◆ Goal of the exercise ◆
Print exactly the lines from the one containing "begagnad Renault Trafic" through the last line of the records below, both included, and nothing else; omit any pictures.

Image-text web data
[Start of section]

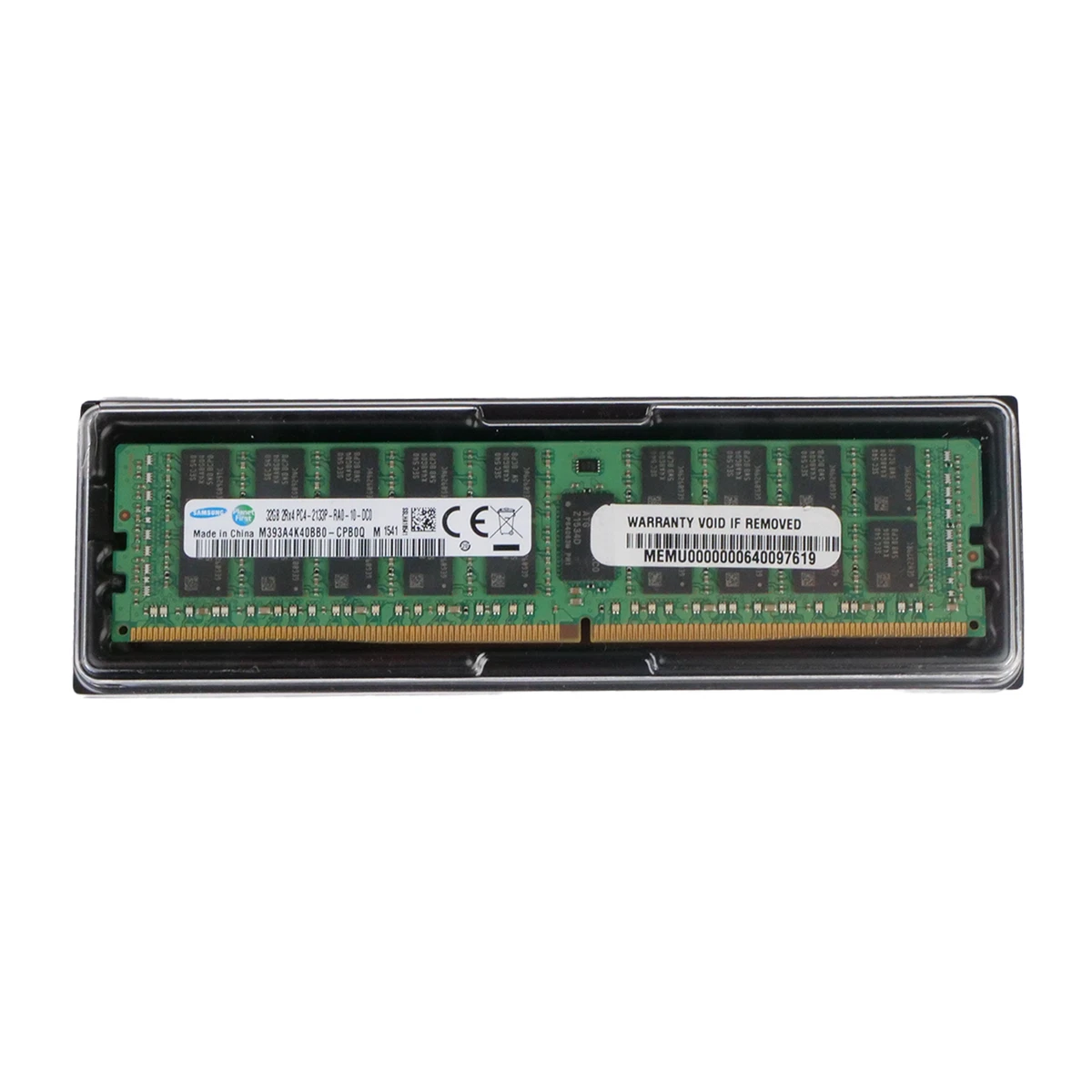 CENTURY DDR4-17000 32GB ECC メモリ PC4 PC4-17000 (DDR4-2133) Bus Speed ECC RAM Computer Memory (RAM) for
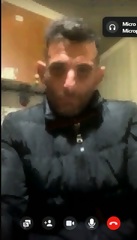 Filippo Ansaldo Si masturba davanti alla telecamera davanti a una bambina di 10 anni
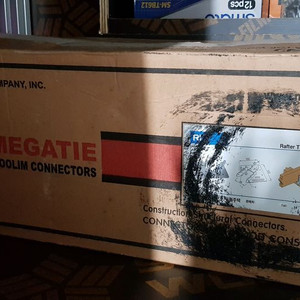 메가타이 우마 브라켓 3조 팔아요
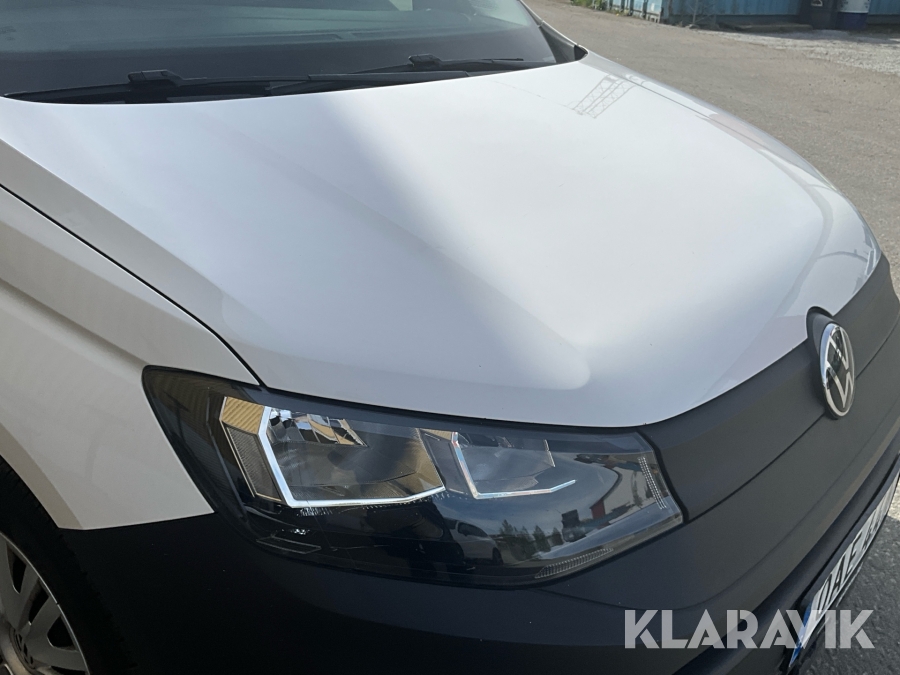 Skåpbil Volkswagen Caddy Cargo 2.0 TDI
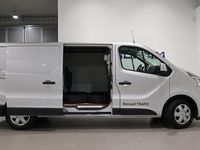 begagnad Renault Trafic Skåp 2.0 dCi -Automat Värmare 2020, Transportbil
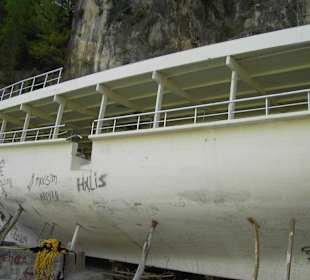 Olymapinar Baraji / Stausee 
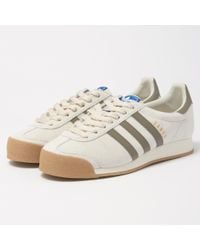 adidas samoa beige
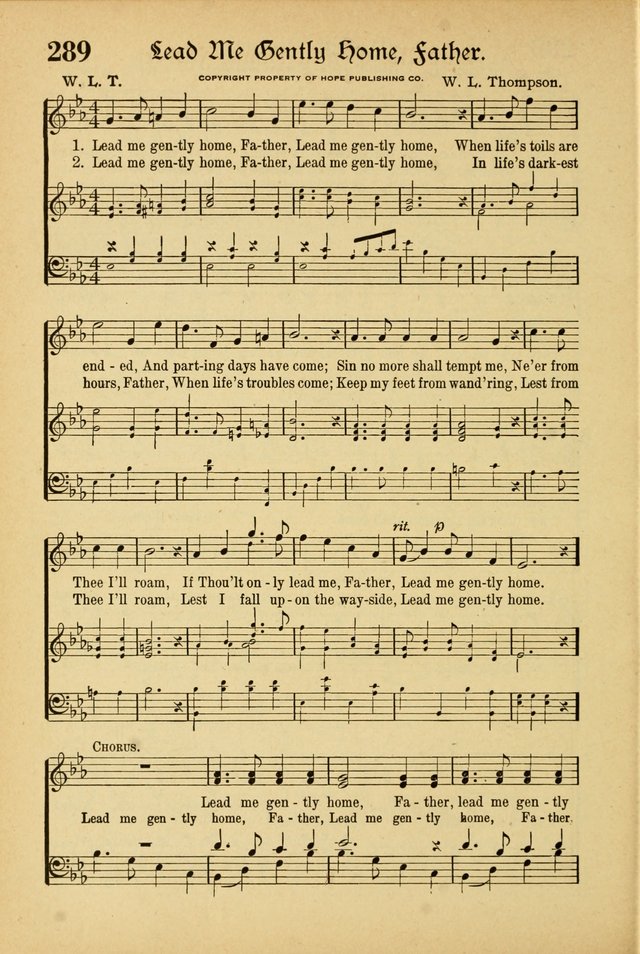 Hymns and Sacred Songs page 259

[End of section]

◆ The completed task ◆
 begagnad Renault Trafic Skåp 2.0 dCi -Automat Värmare 2020, Transportbil
 Olymapinar Baraji / Stausee 
 adidas samoa beige
 Hymns and Sacred Songs page 259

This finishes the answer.